■ EXERCISE
The string "Grey" may appear on lines of the entries below; report how many such lines there are, and only that.

*** SOURCE MATERIAL Section Begins ***

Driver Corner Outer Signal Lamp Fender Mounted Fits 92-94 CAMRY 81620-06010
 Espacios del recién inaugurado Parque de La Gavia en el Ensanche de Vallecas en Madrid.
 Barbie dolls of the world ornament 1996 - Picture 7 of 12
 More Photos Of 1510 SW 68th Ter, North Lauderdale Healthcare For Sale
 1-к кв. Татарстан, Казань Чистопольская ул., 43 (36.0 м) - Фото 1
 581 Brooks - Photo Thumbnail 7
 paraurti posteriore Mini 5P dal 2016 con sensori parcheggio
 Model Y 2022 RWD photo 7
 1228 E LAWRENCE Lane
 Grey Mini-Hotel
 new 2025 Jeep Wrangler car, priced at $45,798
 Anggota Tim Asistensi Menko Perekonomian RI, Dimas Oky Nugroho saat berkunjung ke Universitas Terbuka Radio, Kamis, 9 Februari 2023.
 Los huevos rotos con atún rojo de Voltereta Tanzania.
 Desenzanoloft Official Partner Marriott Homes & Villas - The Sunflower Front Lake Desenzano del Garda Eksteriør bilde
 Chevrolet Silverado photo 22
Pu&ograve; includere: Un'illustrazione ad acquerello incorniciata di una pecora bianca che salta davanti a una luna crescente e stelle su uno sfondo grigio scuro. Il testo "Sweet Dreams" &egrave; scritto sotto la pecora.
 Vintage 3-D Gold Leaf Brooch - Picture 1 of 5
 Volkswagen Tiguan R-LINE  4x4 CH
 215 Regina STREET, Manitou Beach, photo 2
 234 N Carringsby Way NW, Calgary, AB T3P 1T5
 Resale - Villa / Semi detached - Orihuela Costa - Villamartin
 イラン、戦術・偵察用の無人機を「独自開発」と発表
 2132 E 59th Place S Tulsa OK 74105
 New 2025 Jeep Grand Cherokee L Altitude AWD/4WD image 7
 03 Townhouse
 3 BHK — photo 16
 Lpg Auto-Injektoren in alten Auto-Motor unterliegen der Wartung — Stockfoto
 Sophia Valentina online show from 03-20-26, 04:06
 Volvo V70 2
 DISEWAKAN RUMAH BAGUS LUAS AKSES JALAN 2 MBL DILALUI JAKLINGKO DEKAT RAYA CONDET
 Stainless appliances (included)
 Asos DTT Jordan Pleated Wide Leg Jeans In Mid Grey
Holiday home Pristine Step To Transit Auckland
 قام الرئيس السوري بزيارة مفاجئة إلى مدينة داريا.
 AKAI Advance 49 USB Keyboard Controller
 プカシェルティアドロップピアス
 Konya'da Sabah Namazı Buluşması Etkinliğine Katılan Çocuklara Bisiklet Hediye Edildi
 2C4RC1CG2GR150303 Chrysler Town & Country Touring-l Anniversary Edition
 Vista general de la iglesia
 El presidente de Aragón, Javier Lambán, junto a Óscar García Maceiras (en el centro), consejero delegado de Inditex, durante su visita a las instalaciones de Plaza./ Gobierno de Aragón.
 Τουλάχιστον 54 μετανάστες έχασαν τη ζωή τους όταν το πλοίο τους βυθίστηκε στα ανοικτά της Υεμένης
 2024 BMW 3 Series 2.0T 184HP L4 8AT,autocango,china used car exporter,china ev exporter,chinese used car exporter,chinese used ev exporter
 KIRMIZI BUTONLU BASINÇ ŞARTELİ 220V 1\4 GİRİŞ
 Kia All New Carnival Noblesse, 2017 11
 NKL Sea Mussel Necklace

*** SOURCE MATERIAL Section Ends ***

■ EXERCISE RESULT
2